Des classes surchargées

« Mon souhait, c’est de passer à des demi-groupes », révèle Alain Talleu, en accord avec Corine Bastoni*, mère d’élève qui réclame des « classes hybrides. » Elle a retiré sa fille de la cantine et de la garderie. Bien lui a pris : la restauration et les temps périscolaires réduisent à néant le principe du groupe classe. Les élèves sont brassés entre eux. « En mai, les récréations étaient séparées. Il n’y avait pas d’échanges entre les classes », se rappelle le syndicaliste.

Aujourd’hui, les infrastructures ne sont pas forcément adaptées aux consignes : elles ne permettent pas à 30 enfants de se laver les mains dix fois par jour et l’aération des salles, toutes les deux heures, est parfois impossible. Le gel hydroalcoolique n’est pas forcément fourni. « Si on ne peut pas le faire, on laisse tomber… » regrette-t-il. La comparaison avec mai est criante. Les classes étaient réduites, les élèves décrocheurs, victimes de la fracture numérique, prioritaires, sur principe du volontariat. Alain Talleu analyse : « A l’École primaire, les enfants ne peuvent pas rester seuls chez eux donc la mise en place de demi-groupes est plus difficile, mais encore possible. Beaucoup de parents sont en télétravail et peuvent garder leurs enfants. Nous devons donner la priorité à ceux qui en ont le plus besoin. Tout le monde souhaite que l’école reste ouverte, même 2 jours sur 4. »

Le cruel manque de personnel

Une autre solution est ciblée par l’enseignant : augmenter les effectifs des professeurs. « Il y a une liste complémentaire de 55 noms dans le département, suite au concours de 2020. Seulement 8 ont été embauchés » déplore-t-il, alors que l’absentéisme est forcément grandissant. Ces renforts faciliteraient aussi la mise en place de demi-groupes. Lors d’une conférence de presse en ligne, organisée par les syndicalistes du Nord et du Pas-de-Calais, Thierry Quiétu, membre de la FSU Hauts-de-France, pointe un autre problème : « Il y a un gros manque de personnel nettoyant. Le ménage est par conséquent mal fait. Des endroits sont privilégiés. L’internat au détriment du gymnase, par exemple. Le plan de relance ne prévoit pas une augmentation de ces effectifs-là. »

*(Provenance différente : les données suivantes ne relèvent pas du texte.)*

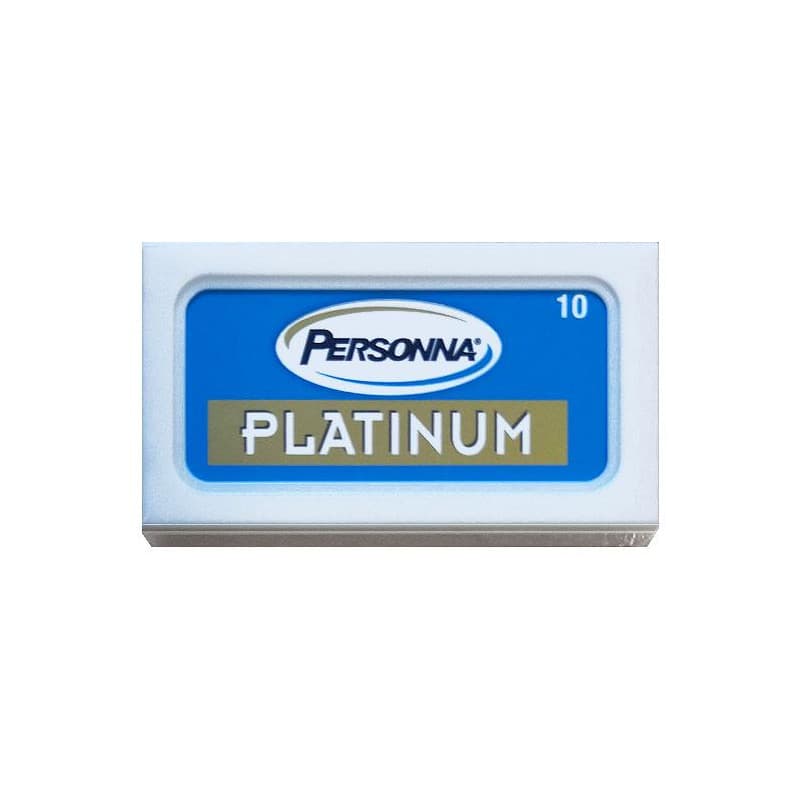 Żyletki PERSONNA Platinum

Des parents pas toujours au fait du problème

Veille de grève, 16h30. C’est la sortie des classes à l’école primaire Desbordes-Valmore de Lille, dans le quartier des Bois-Blancs. Bien qu’il y ait un intervalle de 10 minutes entre la sortie des CP/CE1 et des CE2/CM1/CM2, un véritable attroupement se forme sur le parvis de l’établissement. Entre enfants, plus ou moins masqués, qui courent dans tous les sens, parents et instituteurs échangeant des informations, les distances semblent impossibles à respecter dans ces conditions. « Vous imaginez un enfant de 8 ans porter le masque toute la journée ? Je n’y crois pas » s’emballe Johannes Dutemple, père d’élève et employé dans le BTP. Il dénonce : « On leur donne deux masques pour la journée. Ce n’est pas assez. »

Attroupement à la sortie des classes aux Bois-Blancs, Lille, lundi 9 novembre (M.A.)

Mais sa colère n’est pas inhérente à chaque parent. Pour Mohammed Sadoun* et Olivier Willems*, le protocole est « applicable et parfaitement respecté. » Une réponse surprenante, mais ces deux pères d’élèves n’ont pas eu vent du mouvement de grève du lendemain alors que l’information est écrite noire sur blanc à l’entrée de l’école. La communication semble chancelante avec les enseignants, bien qu’ils soient eux-mêmes soumis à celle du gouvernement, qu’ils dénoncent tardive et incohérente. Certains parents s’en remettent donc aux dires de leurs enfants. Pour Houcine Affane, « les distanciations sont respectées, en classe comme à la cantine. » Mais selon Johannes Dutemple, son fils lui dit être assis à côté d’un autre élève. « Un mètre de distance, c’est impossible à appliquer dans une classe de 28. » Il a vu juste.